La provincia del Nord Est italiano
Durante l’intervista, Francesco Sossai parla con grande lucidità della condizione delle città di provincia del Nord Est italiano, luoghi in cui le promesse si sono progressivamente svuotate e le possibilità si sono ridotte, rendendo difficile sostenerne le aspettative. Il suo racconto restituisce l’immagine di realtà dure, segnate dalla disillusione e dalla mancanza di prospettive: qui il rapporto intergenerazionale tra i personaggi mette in scena chi ha già visto fallire i propri progetti e chi rischia di ereditarne il destino senza rendersene conto. È in questo contesto che la dimensione quasi favolistica del film assume un significato particolare: non addolcisce né nega la realtà, ma apre una sospensione breve, uno spazio in cui immaginare, anche solo per un momento, una possibilità diversa.
L’atmosfera sul set di “Le città di pianura (The Last One for the Road)”

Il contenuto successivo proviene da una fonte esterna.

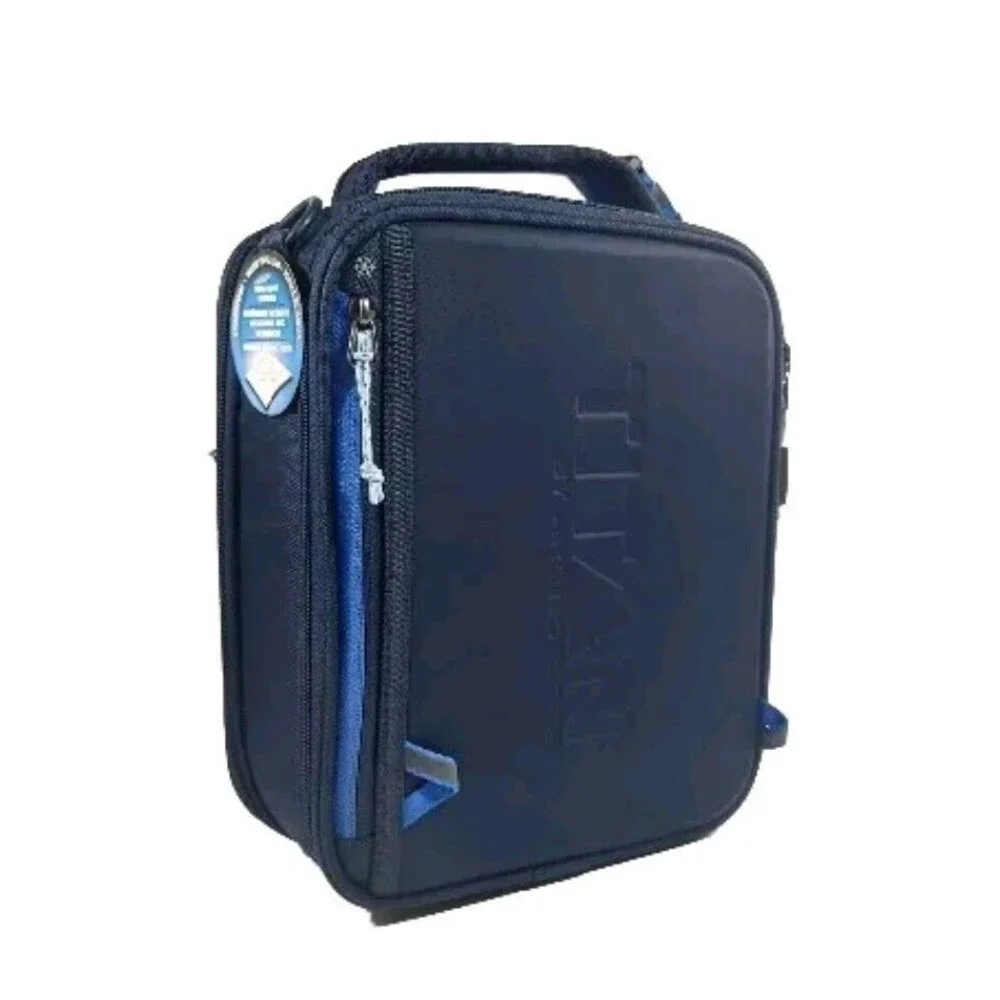 Titan Deep Freeze Fridge Cold 6 HRS Expandable Insulated Lunch Bag w/ Ice Walls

Il regista Francesco Sossai si sofferma poi sul lavoro con il cast, spiegando come la scelta degli attori sia stata guidata non solo dai caratteri, ma anche dai volti, dalle fisicità e da ciò che ciascun interprete porta con sé. Racconta del rapporto sul set e del lavoro con gli attori, precisando di trovare più efficiente seguire alla lettera la sceneggiatura durante le riprese, lasciando invece spazio alla collaborazione nella fase di prove, dove si possono scambiare opinioni o discutere la messa in scena. Questa modalità contribuisce al senso di naturalezza e spontaneità che attraversa il film.
I temi e i luoghi del film di Francesco Sossai
Un altro tema centrale nell’intervista è quello dei luoghi. Il paesaggio, l’architettura e la vita di provincia non sono semplici sfondi, ma parti attive del racconto. Dall’opera di Carlo Scarpa alla formazione del protagonista, gli spazi accompagnano lo smarrimento di Giulio e dialogano con il suo rapporto irrisolto con il dovere, il lavoro e il desiderio di libertà.
L’intervista attraversa temi profondamente attuali: il tempo, il lavoro, le aspettative, le piccole fughe quotidiane e la ricerca di senso, offrendo uno sguardo diretto nel mondo e nella poetica cinematografica di Francesco Sossai. Dopo l’entusiasmo per il film a Cannes, c’è stato un lungo applauso sia al press screening sia alle proiezioni pubbliche del 63° New York Film Festival.
Plot
Due 50enni spiantati hanno l'ossessione di andare a bere l'ultimo bicchiere. Una sera si imbattono in un timido studente di architettura, il cui modo di vedere il mondo e l'amore si trasforma man mano che il trio vaga di bar in bar per il Veneto.